The sweatlodge is about ten feet in diameter. Its skeleton is a frame of sticks that have been ceremonially bent, stuck in the ground, and tied together in the shape of an inverted bowl. The cover and door are made of layers of blankets, enough of them that no light penetrates. We crawl through the small doorway when we enter, moving sunwise around the inside of the lodge (this direction is also known as “clockwise”; did you know that the hands of a clock move that way because that’s the direction that shadows move on a sunny day?).
In the center of the lodge is a shallow pit. Not far outside the entrance, there is a fire with rocks that have been heating for close to two hours. We enter and sit in a circle inside the lodge. I have been given the honor of keeping the fire. This includes the responsibility of carrying the rocks (the “Old Ones”) from the fire to the sweatlodge entrance. Pat, the elder who is conducting the ceremony, uses two forked sticks to maneuver them into the central pit. He places the first five deliberately, one in the center and four more in the directions of east, south, west, and north. For this first round, I bring three more stones after the first five—eight rocks in all. The people in the lodge greet the rocks as I bring them in, much as one would welcome revered elders.

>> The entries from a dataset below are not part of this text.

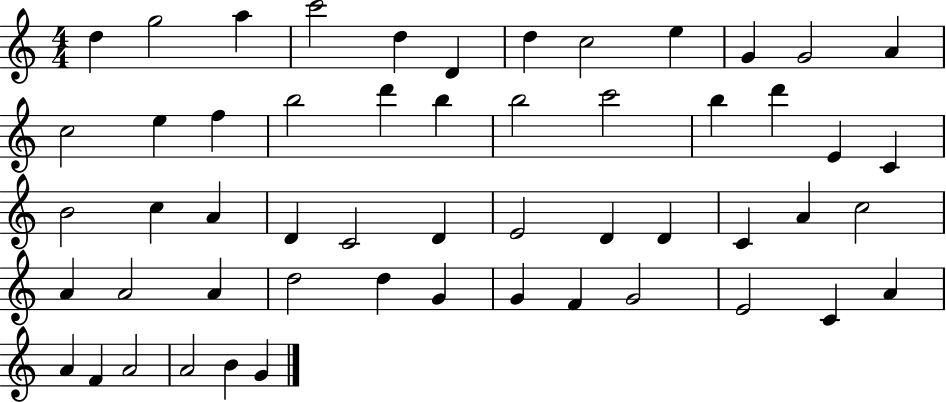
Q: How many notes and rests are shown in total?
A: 54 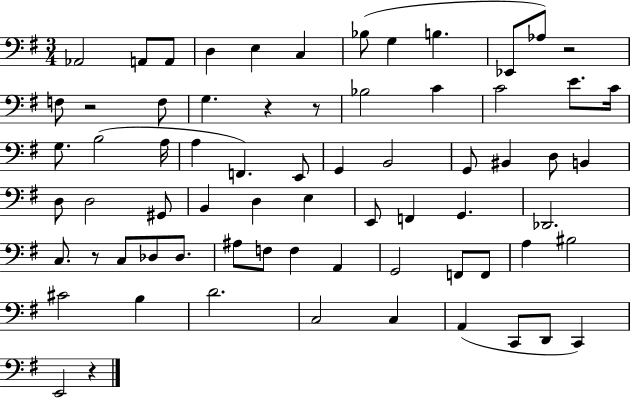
{
  \clef bass
  \numericTimeSignature
  \time 3/4
  \key g \major
  aes,2 a,8 a,8 | d4 e4 c4 | bes8( g4 b4. | ees,8 aes8) r2 | \break f8 r2 f8 | g4. r4 r8 | bes2 c'4 | c'2 e'8. c'16 | \break g8. b2( a16 | a4 f,4.) e,8 | g,4 b,2 | g,8 bis,4 d8 b,4 | \break d8 d2 gis,8 | b,4 d4 e4 | e,8 f,4 g,4. | des,2. | \break c8. r8 c8 des8 des8. | ais8 f8 f4 a,4 | g,2 f,8 f,8 | a4 bis2 | \break cis'2 b4 | d'2. | c2 c4 | a,4( c,8 d,8 c,4) | \break e,2 r4 | \bar "|."
} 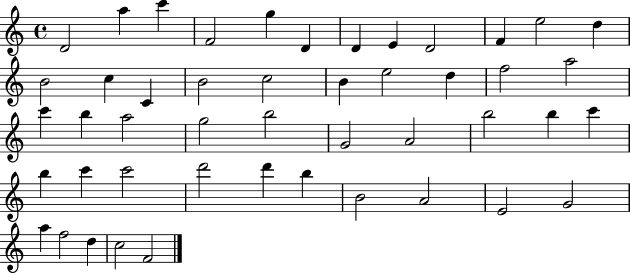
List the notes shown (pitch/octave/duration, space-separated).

D4/h A5/q C6/q F4/h G5/q D4/q D4/q E4/q D4/h F4/q E5/h D5/q B4/h C5/q C4/q B4/h C5/h B4/q E5/h D5/q F5/h A5/h C6/q B5/q A5/h G5/h B5/h G4/h A4/h B5/h B5/q C6/q B5/q C6/q C6/h D6/h D6/q B5/q B4/h A4/h E4/h G4/h A5/q F5/h D5/q C5/h F4/h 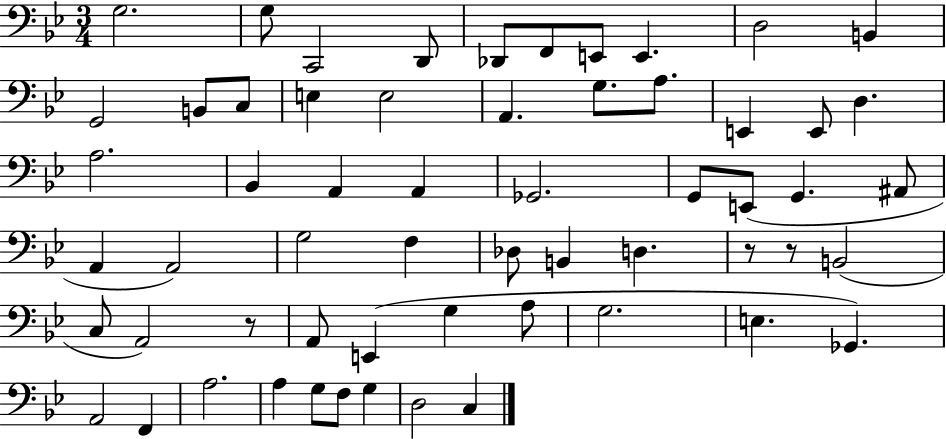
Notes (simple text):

G3/h. G3/e C2/h D2/e Db2/e F2/e E2/e E2/q. D3/h B2/q G2/h B2/e C3/e E3/q E3/h A2/q. G3/e. A3/e. E2/q E2/e D3/q. A3/h. Bb2/q A2/q A2/q Gb2/h. G2/e E2/e G2/q. A#2/e A2/q A2/h G3/h F3/q Db3/e B2/q D3/q. R/e R/e B2/h C3/e A2/h R/e A2/e E2/q G3/q A3/e G3/h. E3/q. Gb2/q. A2/h F2/q A3/h. A3/q G3/e F3/e G3/q D3/h C3/q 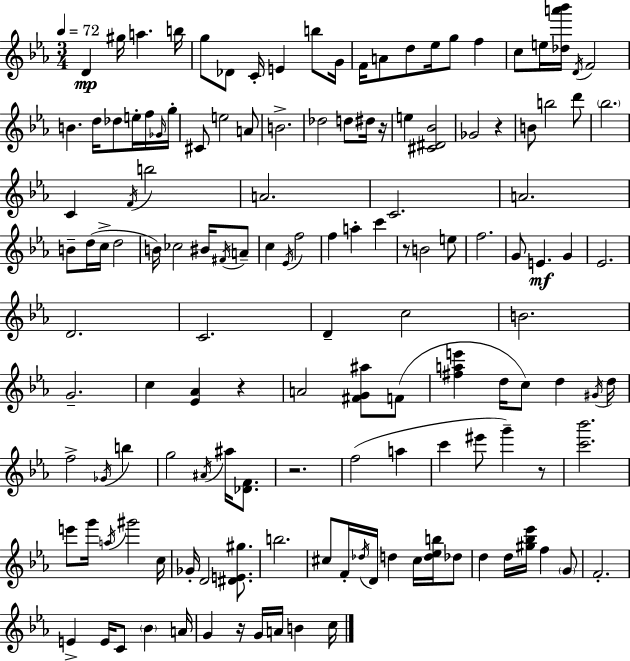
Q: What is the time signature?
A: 3/4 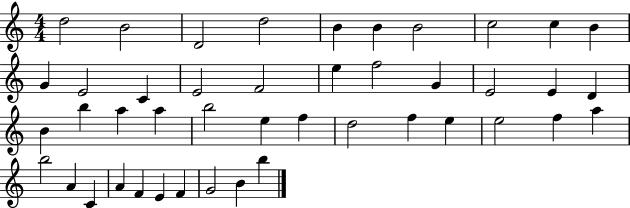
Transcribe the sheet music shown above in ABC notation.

X:1
T:Untitled
M:4/4
L:1/4
K:C
d2 B2 D2 d2 B B B2 c2 c B G E2 C E2 F2 e f2 G E2 E D B b a a b2 e f d2 f e e2 f a b2 A C A F E F G2 B b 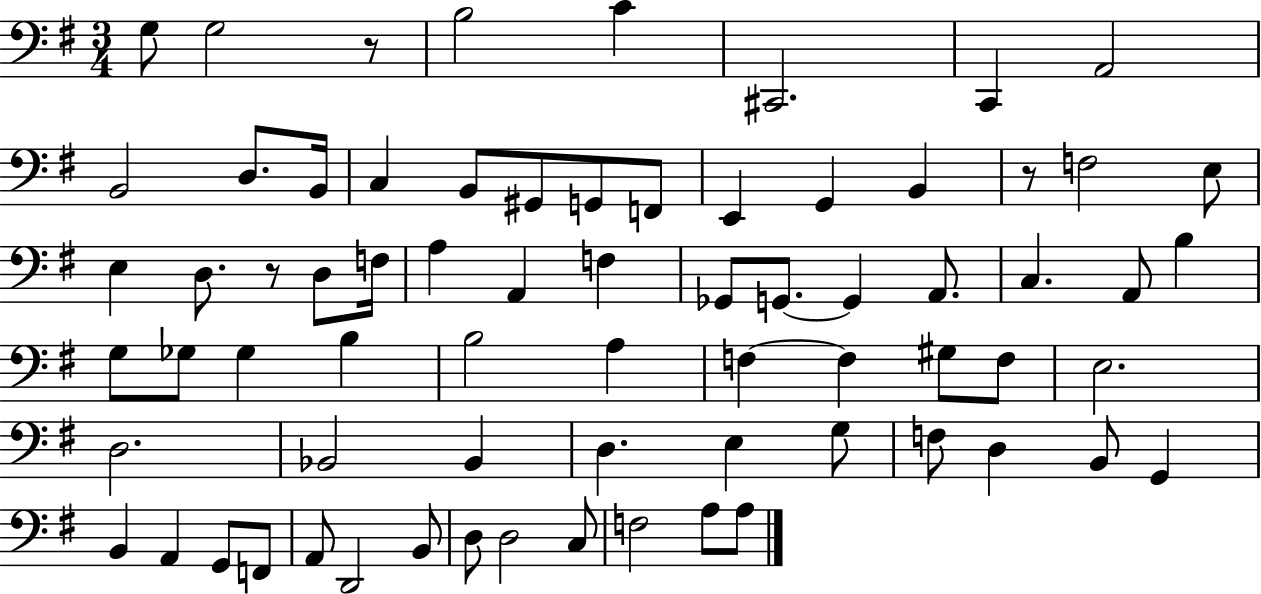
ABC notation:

X:1
T:Untitled
M:3/4
L:1/4
K:G
G,/2 G,2 z/2 B,2 C ^C,,2 C,, A,,2 B,,2 D,/2 B,,/4 C, B,,/2 ^G,,/2 G,,/2 F,,/2 E,, G,, B,, z/2 F,2 E,/2 E, D,/2 z/2 D,/2 F,/4 A, A,, F, _G,,/2 G,,/2 G,, A,,/2 C, A,,/2 B, G,/2 _G,/2 _G, B, B,2 A, F, F, ^G,/2 F,/2 E,2 D,2 _B,,2 _B,, D, E, G,/2 F,/2 D, B,,/2 G,, B,, A,, G,,/2 F,,/2 A,,/2 D,,2 B,,/2 D,/2 D,2 C,/2 F,2 A,/2 A,/2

After bringing the rocks to the door, I put more wood on the fire to keep the other Old Ones smiling (red hot). Then I enter the lodge, and when Pat gives the word, I bring the door down to begin the first of the four rounds.
The inside of the lodge is lightless except for the dim glow of the red-hot rocks. My mind knows that this small dome is close to capacity with ten of us in it, yet I feel vast space around me, filled with energies and spirits.
There is a sputtering hiss as Pat pours water onto the rocks. Steam comes down over our heads like a hot, heavy blanket. We lose track of whether the water running on our bodies is condensation or perspiration. The darkness and heat, Pat’s words, drumbeats, and songs move us into an altered state of consciousness.
In the second round of the ceremony, I see in the blackness the spirit of an osprey come down to land gently beside a young woman, resting with her and leaning in with a message. Two other spirits come in as well, to be with two young men in the lodge. I have never met any of these young people before today, yet I am told why each of them is being visited by a particular animal spirit. I am also instructed to ask permission to share the information.
When the door flap is thrown back to signal the end of the second round, I tell Pat that I have something to offer the three young people and ask his permission to share. After a brief moment, in which I sense him checking with his own guides, Pat says, “Please.” I speak about what I saw and its meaning. The messages are of affirmation and encouragement for these young people. Later, I find out that they are all in difficult circumstances—“youth at risk” is the current term—and I understand better the messages and their importance.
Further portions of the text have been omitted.